:: Records for the exercise
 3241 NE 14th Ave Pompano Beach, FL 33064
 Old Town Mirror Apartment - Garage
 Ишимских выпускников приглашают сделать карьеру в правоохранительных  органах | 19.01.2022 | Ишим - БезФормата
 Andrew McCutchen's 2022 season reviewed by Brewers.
::::
:: Records for the exercise
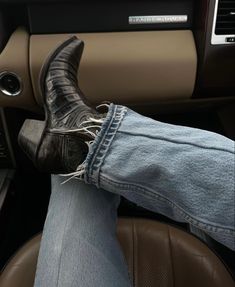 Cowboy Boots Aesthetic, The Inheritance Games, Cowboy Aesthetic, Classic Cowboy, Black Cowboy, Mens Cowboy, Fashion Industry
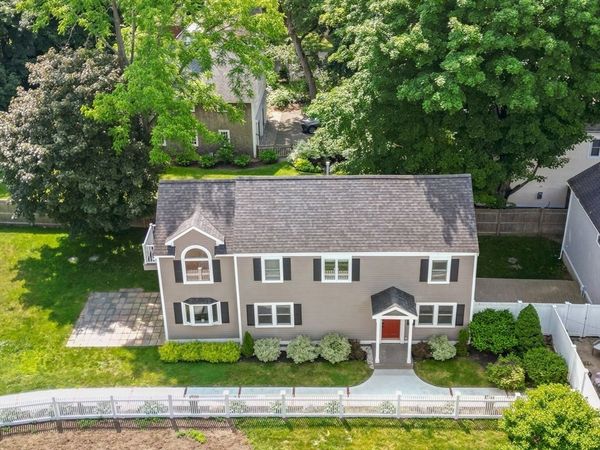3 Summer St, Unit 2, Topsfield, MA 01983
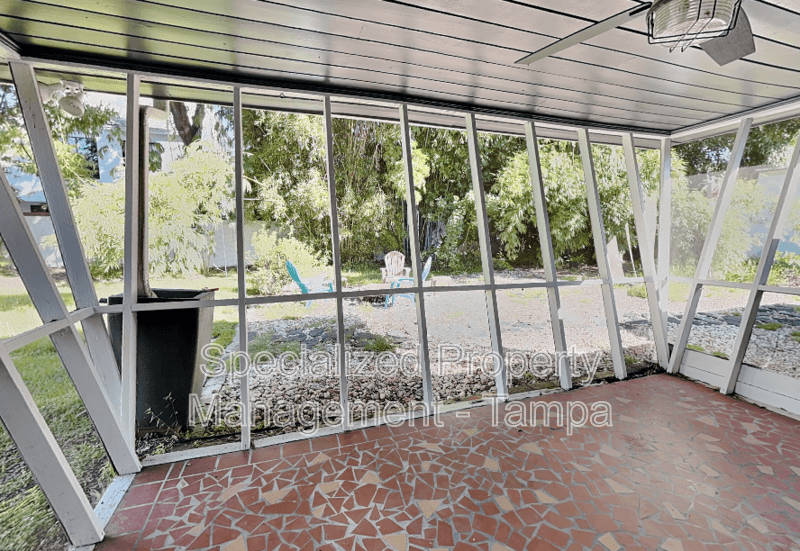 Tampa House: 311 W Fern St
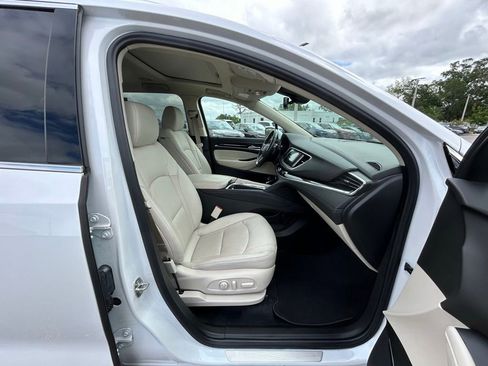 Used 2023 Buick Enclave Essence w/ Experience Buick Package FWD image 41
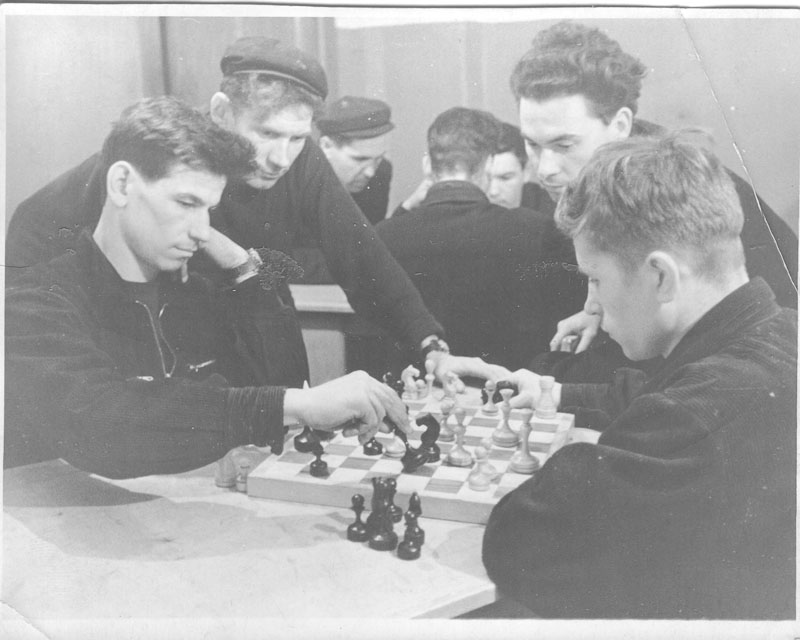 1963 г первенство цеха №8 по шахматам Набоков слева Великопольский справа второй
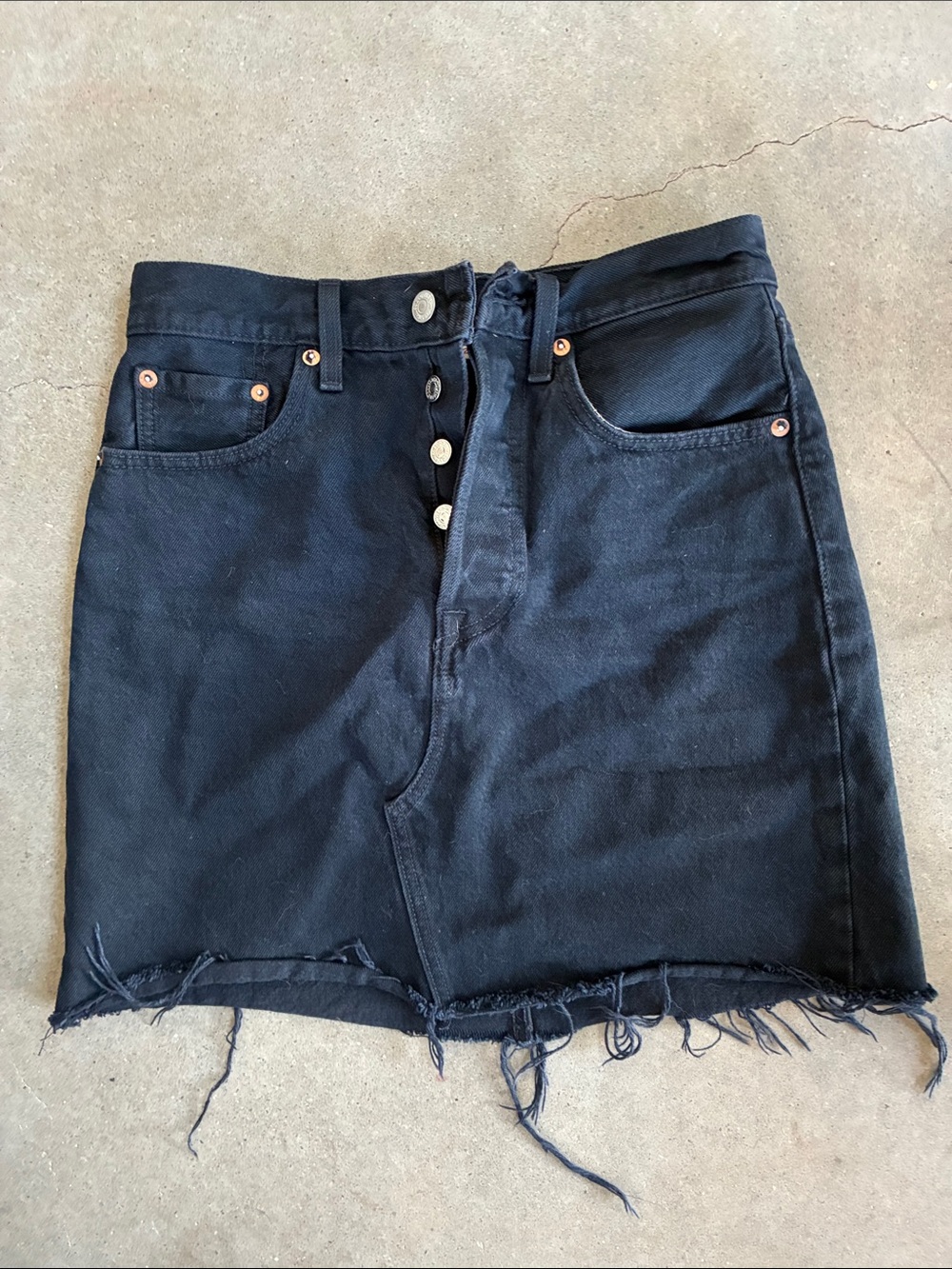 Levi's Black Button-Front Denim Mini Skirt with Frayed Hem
::::
:: Records for the exercise
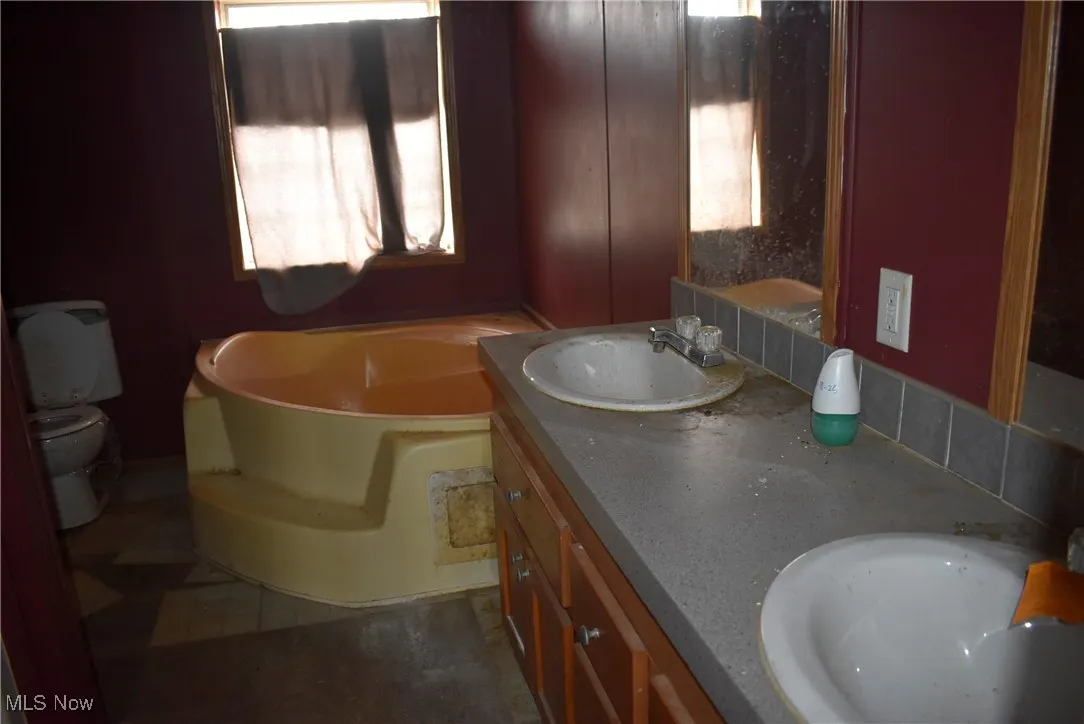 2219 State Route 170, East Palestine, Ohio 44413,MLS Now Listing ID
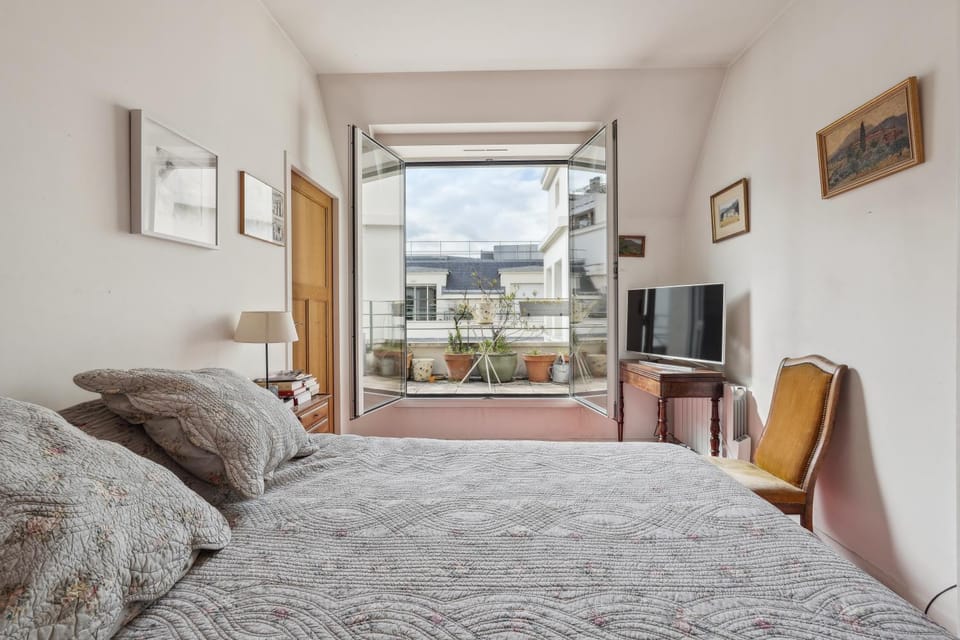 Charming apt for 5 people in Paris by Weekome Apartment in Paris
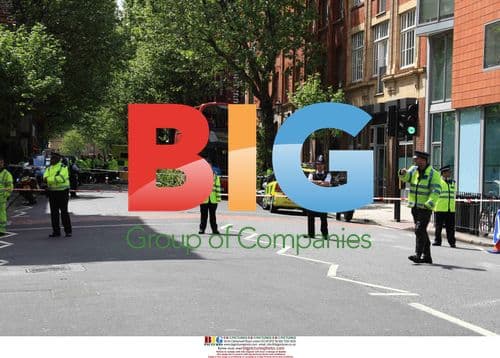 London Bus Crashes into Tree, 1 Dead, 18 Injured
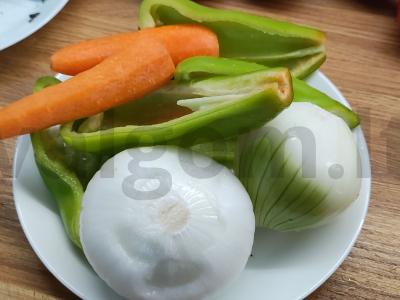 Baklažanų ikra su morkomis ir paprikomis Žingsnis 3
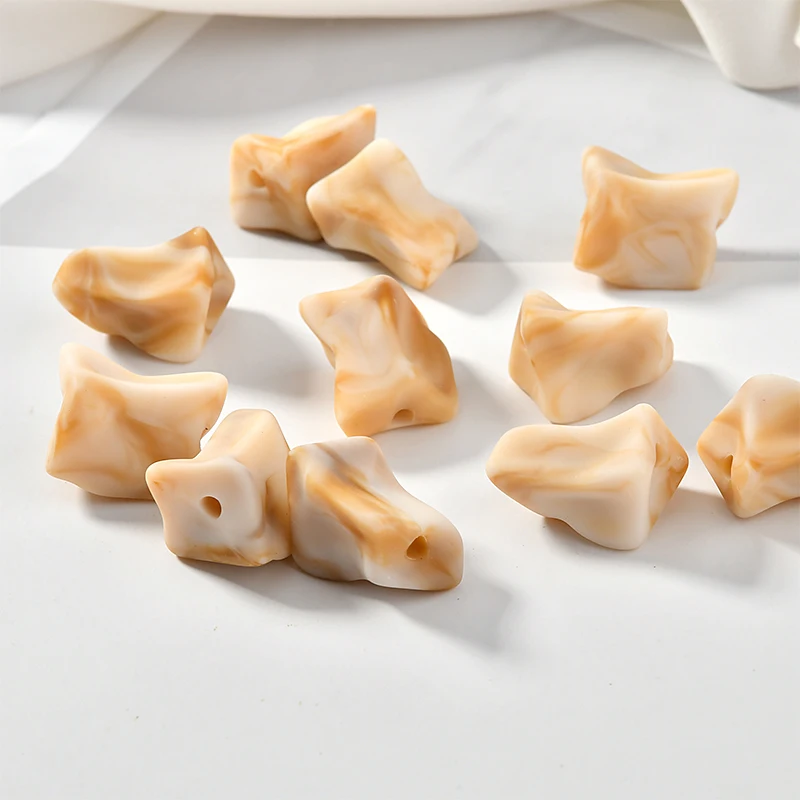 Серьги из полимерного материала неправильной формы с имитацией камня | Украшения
::::
• _Problem to solve_:
Using the data above, copy exactly the lines from the one containing "Cowboy Boots Aesthetic, The" to the one containing "Levi's Black Button-Front", inclusive. Exclude the pictures.

• _Result of this exercise_:
 Cowboy Boots Aesthetic, The Inheritance Games, Cowboy Aesthetic, Classic Cowboy, Black Cowboy, Mens Cowboy, Fashion Industry
3 Summer St, Unit 2, Topsfield, MA 01983
 Tampa House: 311 W Fern St
 Used 2023 Buick Enclave Essence w/ Experience Buick Package FWD image 41
 1963 г первенство цеха №8 по шахматам Набоков слева Великопольский справа второй
 Levi's Black Button-Front Denim Mini Skirt with Frayed Hem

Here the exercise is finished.